Masih kuingat betul, di hari pertama ada kesempatan, kami anak-anaknya diajak oleh ibu ke kuburan ayah. Sebelum pulang ibu berdoa, “Bapa di surga, Engkaulah yang menjadi bapa anak-anakku, peliharalah kami bersama.”  Inilah kata-kata doa ibu yang sangat terkesan dan tertanam di sanubariku. Kami pulang dengan hati lega, percaya Tuhan akan jaga kami. Itulah peganganku seterusnya sampai hari ini. Terima kasih, Tuhan. Jawaban-Nya atau penegasan-Nya adalah nas sidi dan nas pamberkatan nikah tersebut di atas:
Bersukacitalah, bersukacitalah senantiasa,
senantiasa dalam Tuhan, bersukacitalah.
Tinggal di dalam Tuhan dan Tuhan di dalam aku,
aku berbuah banyak, bersukacitalah dalam Tuhan.
(saduran Fil 4:4; Yoh 15:4).
Ibuku tammatan sekolah guru, yaitu Kweekschool Salatiga. Seingatku di masa kanak-kanakku ia tidak lagi mengajar di sekolah. Setelah ayah meninggal ia mulai lagi mengajar. Tidak lama kemudian ia berhenti lalu mulai berdagang, yaitu berdagang batik. Dibelinya dari Pajak Ikan
Lama di belakang Kesawan, Medan, lalu menjualnya secara mencicil dua atau tiga cicilan, mula-mula kepada kawan-kawannya. Demikian ia menekuninya sampai ia mempunyai kiosk sendiri di Pusat Pasar di Medan, sedangkan batiknya dibeli dan dipesan langsung dari langganannya di Pekalongan. Dengan usaha dagangnya ini ia bisa menghidupi keluarga dan menyekolahkan kami semua sampai tamat di perguruan tinggi. Demikianlah ketekunannya sebagai orangtua tunggal memelihara dan membina keluarganya. Bapa di surga adalah bapa kami!
Beberapa waktu yang lalu kutemukan pula fotocopy surat wasiat nenekku, Ompu ni Irwan, ibu dari ibuku, yang ditulistangan sendiri di atas kertas bermeterai Rp 25, meterai RI tahun 1976. Ternyata dalam wasiatnya tersebut nenek mewasiatkan bagaimana penerapannya supaya senantiasa bersukacita dalam Tuhan, yaitu: “Hamu sude dakdanakku na huhaholongi, au inangmunu Ompu ni Irwan madung dialap Tuhanta na basa i au tulambungna, porsaja do au dihata ni Tuhanta dilambung nia do au dihasonangan na di banua gindjang i, hata sipaingotku dihamu sude dakdanakku dibagasan dame na sian Tuhantai ma hamu tontong, sai marsihaholongan ma hamu, ulang adong dihamu parsalisian sanga aha, tontongma tiop hamu hata na sian Tuhanta i, sai marsihaholongan ma hamu, ima tandana siseanku hamu ninna Tuhanta do mandokkon hita, sisean ni Tuhanta do hita sude, . . .” (masih dengan ejaan lama!). Yaitu, tetaplah dalam damai Tuhan kita, saling mengasihi, hidup rukun tanpa ada perselisihan apapun, tetap berpegang pada Firman Tuhan, saling mengasihi tandanya kamu murid Tuhan, semua kita adalah murid Tuhan.

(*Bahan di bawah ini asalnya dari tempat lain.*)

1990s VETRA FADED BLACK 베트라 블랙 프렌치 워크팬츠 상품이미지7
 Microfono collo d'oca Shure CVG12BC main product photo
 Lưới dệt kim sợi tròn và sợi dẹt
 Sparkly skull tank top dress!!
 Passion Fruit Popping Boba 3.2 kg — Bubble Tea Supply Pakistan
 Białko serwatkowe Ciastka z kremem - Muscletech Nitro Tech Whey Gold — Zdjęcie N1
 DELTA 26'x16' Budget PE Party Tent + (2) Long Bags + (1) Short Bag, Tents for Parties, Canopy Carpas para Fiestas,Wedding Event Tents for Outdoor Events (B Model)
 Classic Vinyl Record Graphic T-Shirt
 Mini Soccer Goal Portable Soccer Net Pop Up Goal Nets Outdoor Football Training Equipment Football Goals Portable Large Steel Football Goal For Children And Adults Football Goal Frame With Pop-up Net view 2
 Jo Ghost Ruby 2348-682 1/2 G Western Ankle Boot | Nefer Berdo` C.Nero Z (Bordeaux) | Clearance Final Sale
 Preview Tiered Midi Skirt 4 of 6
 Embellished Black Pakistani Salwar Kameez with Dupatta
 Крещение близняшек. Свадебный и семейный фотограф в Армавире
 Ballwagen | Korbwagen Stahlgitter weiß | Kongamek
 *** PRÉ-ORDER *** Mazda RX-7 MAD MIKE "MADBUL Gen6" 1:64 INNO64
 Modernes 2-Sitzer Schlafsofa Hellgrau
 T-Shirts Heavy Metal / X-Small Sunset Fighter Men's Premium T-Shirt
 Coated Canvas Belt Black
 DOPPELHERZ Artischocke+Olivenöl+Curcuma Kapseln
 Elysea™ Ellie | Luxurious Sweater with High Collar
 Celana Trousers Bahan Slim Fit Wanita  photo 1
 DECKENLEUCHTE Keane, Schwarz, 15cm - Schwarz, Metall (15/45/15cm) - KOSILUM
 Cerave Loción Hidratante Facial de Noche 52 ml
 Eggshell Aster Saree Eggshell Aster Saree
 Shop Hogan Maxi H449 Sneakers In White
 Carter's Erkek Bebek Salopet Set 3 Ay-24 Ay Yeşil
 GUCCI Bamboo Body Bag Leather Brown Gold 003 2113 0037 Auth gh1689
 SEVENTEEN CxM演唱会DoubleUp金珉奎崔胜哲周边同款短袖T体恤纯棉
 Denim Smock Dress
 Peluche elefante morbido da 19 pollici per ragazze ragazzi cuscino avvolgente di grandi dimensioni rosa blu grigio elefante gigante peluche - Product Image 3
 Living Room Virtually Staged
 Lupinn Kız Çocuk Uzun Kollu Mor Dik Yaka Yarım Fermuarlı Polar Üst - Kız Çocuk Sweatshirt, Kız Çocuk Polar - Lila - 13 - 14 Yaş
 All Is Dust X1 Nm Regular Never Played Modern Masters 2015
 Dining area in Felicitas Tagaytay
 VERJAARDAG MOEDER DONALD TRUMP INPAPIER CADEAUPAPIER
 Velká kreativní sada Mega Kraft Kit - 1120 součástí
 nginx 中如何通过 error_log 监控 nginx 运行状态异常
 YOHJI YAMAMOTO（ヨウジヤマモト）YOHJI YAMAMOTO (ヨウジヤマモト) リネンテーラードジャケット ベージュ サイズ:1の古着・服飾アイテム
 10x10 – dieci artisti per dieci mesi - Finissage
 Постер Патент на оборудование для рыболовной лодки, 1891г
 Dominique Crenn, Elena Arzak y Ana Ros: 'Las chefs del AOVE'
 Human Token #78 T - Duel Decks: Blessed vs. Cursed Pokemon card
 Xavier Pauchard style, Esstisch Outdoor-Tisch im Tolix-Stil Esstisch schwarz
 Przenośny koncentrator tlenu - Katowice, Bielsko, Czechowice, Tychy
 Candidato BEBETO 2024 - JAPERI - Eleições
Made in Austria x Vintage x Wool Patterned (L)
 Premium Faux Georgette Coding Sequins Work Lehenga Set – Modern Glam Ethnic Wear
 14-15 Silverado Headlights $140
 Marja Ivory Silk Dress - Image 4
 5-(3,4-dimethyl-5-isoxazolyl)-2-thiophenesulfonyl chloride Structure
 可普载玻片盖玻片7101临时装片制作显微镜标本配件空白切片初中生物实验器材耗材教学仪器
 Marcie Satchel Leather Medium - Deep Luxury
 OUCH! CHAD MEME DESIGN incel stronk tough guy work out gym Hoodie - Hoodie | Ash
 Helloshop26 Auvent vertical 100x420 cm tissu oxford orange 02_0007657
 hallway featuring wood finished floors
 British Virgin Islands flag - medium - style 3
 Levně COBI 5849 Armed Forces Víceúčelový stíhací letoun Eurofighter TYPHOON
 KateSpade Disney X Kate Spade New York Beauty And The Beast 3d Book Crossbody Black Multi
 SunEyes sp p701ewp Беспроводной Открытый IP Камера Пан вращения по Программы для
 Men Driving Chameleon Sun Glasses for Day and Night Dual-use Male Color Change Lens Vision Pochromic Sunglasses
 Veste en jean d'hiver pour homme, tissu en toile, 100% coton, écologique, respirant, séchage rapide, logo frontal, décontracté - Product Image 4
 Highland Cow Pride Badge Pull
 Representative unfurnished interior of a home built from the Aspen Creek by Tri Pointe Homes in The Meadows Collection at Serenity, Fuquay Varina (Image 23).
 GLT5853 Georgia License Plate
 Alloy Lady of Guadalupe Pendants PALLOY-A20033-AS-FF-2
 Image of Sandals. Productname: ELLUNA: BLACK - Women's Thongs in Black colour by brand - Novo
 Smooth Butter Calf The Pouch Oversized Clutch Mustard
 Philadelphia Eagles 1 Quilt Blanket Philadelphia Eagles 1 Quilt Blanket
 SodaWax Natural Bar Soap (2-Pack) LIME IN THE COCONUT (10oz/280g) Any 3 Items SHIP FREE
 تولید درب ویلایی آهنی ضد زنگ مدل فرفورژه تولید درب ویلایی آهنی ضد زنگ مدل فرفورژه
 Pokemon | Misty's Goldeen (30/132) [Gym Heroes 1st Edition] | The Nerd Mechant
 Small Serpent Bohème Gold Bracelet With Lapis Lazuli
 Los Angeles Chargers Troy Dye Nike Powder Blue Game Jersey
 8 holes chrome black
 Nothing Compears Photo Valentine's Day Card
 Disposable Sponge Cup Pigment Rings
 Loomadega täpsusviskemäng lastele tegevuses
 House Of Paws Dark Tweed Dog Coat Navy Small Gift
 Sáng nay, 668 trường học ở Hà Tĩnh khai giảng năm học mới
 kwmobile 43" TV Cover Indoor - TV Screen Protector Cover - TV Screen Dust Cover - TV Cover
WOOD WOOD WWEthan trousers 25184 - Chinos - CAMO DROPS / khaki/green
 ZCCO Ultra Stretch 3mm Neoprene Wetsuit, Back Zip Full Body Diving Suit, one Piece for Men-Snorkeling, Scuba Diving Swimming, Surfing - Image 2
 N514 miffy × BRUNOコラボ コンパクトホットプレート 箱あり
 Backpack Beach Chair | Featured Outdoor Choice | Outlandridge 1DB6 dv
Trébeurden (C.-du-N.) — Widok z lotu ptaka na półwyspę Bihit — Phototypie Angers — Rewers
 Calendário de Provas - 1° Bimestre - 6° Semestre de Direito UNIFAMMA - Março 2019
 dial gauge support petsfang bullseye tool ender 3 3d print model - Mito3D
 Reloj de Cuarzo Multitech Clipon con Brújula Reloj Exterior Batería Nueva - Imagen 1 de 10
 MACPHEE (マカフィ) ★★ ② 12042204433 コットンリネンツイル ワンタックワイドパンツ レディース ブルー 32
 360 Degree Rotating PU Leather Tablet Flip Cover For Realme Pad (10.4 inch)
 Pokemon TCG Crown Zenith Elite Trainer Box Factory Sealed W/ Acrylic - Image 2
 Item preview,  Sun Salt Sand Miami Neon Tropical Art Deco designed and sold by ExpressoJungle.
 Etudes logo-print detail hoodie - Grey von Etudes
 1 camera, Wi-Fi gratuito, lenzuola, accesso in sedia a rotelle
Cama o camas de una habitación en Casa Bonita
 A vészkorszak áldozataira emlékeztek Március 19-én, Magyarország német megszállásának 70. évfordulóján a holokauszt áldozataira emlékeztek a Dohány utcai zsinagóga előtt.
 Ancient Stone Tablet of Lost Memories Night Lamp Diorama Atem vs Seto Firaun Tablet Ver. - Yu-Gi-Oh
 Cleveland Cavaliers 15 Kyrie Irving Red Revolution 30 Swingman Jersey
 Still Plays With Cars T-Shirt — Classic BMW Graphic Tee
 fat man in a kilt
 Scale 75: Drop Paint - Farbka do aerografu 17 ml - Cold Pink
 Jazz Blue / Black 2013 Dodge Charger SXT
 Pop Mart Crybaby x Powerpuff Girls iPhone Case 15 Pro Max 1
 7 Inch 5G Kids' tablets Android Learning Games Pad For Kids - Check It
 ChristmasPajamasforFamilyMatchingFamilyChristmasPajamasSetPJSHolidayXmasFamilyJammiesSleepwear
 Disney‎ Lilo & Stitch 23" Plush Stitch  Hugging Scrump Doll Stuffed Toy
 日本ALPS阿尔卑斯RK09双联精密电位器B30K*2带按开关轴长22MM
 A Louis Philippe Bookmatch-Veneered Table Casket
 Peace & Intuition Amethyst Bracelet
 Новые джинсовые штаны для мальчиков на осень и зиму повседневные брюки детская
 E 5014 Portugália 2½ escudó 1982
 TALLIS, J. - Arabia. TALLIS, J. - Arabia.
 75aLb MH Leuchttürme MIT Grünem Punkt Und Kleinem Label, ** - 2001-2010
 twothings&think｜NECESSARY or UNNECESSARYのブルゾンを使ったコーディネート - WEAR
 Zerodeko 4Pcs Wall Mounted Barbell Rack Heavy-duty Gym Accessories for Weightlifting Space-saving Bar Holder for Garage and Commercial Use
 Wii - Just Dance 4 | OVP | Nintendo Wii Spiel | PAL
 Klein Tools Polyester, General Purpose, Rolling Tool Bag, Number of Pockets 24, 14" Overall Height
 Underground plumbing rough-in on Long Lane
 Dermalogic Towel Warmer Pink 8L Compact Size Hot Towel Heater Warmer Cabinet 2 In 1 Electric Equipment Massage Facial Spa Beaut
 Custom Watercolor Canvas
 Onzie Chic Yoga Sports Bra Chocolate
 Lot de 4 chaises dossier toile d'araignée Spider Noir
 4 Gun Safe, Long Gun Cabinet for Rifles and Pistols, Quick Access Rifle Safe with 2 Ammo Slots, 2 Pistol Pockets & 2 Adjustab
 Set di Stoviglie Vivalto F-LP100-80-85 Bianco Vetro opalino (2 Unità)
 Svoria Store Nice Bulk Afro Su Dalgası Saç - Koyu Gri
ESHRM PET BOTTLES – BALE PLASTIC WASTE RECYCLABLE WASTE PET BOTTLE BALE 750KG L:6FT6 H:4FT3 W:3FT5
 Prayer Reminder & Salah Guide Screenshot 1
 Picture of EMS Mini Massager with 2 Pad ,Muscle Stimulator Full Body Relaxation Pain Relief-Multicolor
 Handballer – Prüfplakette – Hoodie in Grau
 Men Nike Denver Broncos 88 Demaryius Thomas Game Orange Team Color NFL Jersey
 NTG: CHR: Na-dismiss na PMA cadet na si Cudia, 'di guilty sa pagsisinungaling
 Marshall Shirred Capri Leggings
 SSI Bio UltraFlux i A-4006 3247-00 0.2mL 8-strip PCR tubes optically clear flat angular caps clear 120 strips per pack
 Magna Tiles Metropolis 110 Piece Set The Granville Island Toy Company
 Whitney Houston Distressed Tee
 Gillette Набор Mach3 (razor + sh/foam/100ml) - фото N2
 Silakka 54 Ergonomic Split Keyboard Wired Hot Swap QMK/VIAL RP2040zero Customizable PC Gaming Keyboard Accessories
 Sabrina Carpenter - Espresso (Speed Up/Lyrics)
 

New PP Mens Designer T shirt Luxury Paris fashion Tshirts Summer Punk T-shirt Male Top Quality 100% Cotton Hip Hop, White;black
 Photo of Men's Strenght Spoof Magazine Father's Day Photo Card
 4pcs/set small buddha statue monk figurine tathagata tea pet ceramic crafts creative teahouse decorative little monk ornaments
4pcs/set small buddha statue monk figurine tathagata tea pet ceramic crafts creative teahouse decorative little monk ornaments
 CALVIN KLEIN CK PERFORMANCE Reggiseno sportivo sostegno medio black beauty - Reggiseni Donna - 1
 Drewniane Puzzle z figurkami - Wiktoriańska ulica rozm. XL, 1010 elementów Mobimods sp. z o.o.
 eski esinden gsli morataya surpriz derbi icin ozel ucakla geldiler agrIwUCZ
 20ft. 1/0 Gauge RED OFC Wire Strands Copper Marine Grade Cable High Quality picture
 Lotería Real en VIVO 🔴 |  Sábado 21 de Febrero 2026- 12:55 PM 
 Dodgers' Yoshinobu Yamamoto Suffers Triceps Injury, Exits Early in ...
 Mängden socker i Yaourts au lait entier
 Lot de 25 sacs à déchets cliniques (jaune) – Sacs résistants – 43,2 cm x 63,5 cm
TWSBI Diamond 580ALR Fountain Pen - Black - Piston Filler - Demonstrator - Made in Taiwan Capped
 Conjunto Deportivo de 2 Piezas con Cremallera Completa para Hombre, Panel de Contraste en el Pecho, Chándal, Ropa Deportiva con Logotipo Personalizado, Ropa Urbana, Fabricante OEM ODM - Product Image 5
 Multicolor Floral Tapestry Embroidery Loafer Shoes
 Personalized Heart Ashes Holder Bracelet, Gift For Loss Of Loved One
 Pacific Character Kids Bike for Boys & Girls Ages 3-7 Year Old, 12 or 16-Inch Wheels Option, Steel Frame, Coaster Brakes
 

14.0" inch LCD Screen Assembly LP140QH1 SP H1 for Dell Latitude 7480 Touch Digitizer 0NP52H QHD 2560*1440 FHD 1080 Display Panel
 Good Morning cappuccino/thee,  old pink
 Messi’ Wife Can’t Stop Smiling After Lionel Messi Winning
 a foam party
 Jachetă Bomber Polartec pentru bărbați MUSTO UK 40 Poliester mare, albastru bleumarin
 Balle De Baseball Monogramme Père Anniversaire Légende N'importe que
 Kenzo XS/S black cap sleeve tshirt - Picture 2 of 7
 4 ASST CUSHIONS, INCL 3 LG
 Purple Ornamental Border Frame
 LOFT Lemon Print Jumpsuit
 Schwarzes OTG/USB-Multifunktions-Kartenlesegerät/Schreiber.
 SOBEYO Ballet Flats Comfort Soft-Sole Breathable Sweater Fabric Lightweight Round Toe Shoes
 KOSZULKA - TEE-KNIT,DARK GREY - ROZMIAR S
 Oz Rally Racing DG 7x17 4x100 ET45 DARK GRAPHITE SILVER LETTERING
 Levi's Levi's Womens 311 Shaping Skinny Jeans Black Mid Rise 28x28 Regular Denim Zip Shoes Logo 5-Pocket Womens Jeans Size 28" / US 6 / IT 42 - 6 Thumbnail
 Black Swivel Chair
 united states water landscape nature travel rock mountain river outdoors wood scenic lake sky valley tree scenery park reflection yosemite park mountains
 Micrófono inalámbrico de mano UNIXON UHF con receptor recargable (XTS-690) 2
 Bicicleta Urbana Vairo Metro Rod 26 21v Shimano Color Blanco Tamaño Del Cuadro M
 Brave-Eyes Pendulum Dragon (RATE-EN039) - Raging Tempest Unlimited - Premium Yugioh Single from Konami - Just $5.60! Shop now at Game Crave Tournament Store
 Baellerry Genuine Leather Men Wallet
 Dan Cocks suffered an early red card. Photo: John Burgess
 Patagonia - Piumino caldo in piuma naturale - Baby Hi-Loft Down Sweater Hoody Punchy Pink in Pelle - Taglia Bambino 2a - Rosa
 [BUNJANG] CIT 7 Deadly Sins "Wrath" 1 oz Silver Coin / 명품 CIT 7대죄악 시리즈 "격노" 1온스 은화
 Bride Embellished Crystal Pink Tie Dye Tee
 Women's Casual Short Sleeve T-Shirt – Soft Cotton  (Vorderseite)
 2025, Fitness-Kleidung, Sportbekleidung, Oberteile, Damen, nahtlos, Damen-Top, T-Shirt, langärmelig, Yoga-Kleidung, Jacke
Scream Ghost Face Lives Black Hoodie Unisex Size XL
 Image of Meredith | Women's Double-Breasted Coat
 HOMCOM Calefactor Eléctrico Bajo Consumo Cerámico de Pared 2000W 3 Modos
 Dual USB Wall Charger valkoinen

Jadi, sadar atau tidak sadar, pengajaran orang tuaku tersebut ternyata telah membentuk hidupku sedemikian rupa sehingga tidak merasa kekurangan apapun, senatiasa bersyukur apapun yang kuterima, termasuk menjadi semi-invalid karena strook, masih bisa melayani Tuhan dan sesama. Amen.